Ve doğal olarak da bu haklardan mahrum.
Bugün halktaki “MEMUR OL, KENDİNİ GARANTİYE AL” algısının oluşmasının en büyük sebeplerinden biridir sendikasız özel sektör.
Kamu çalışanlarının çalışma koşulları ve hakları sendikalar sayesinde devlet tarafından güvence altına alınmıştır.
Çalışma saatleri bellidir. Alacakları minimum maaş bellidir. Mesaiye kalmak çoğu zaman inisiyatifinizdedir ve ödeneklidir.
Yatırımları özel sektöre göre hem daha yüksek hem de güvence altındadır.
Birde en önemlisi işten çıkarılmaları bir kişinin iki dudağının arasında değildir.
Hal böyle olunca tabi ki herkes hayatını güvence altına almak için devlette olmayı ister.
Çünkü özel sektörde haklarınızı koruyacak, güvence altına alacak, sizin için mücadele edecek bir sendika yoktur.
Peki bu sendikalar işçilerin haklarını nasıl güvence altına alıyor?
İşverenlerle işçiler arasında yapılan “toplu iş sözleşmeleri” ile.
Örneğin işten çıkarılma kararınızın iki dudağın arasında olmasını engeller.
Nasıl mı?
İçinde yer alan disiplin kurulu maddesi ile…
Diyelim ki işveren sizi performans yetersizliğinden durdurmak istedi.
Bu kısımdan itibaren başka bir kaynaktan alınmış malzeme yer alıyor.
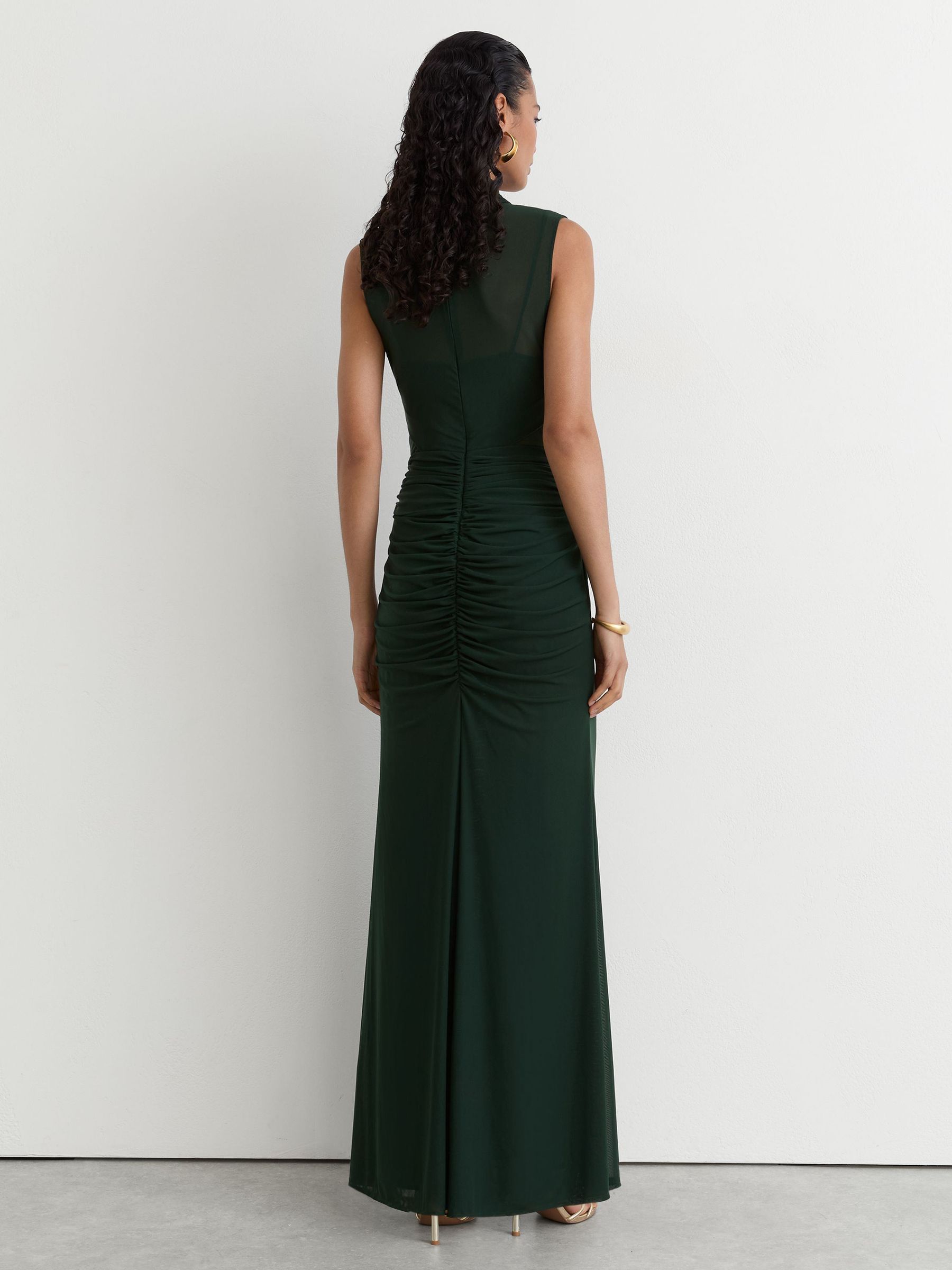 Sheer Ruched Sleeveless Maxi Dress in Green - Image 5 of 7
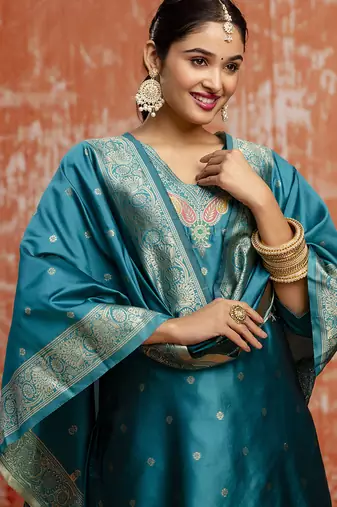 Cotton silk blend rama party wear zari work kurta set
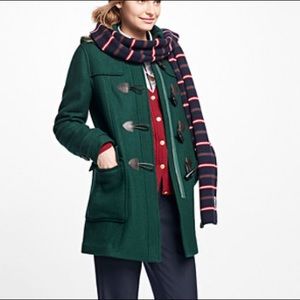 Emerald green wool toggle coat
Bunu disiplin kurulu kararı ile alması gerek ve bunu ispat etmesi gereklidir.
Sadece performans için değil tüm durdurma sebepleri için buna ihtiyacı vardır.
Mobbing, çalışma saatleriniz, güvenliğiniz, maaşınız ve tüm şartlar sizin güvenceniz olarak bu sözleşmeler ile korunur.
Peki bunlar tek başına yeterli mi? Maalesef ki değil!
Bugün çalışan hakları ile ilgili yasada bir sürü açık ve davalıyı yıpratan uzun yargı süreçleri bulunmaktadır.
Bir örnek verecek olursak;
Sebepsiz veya uyarısız işten atılan biri işçi, başarıp kendini bu zorlukta ispat ederek mahkemeyi kazanırsa ancak alabileceği tazminattır.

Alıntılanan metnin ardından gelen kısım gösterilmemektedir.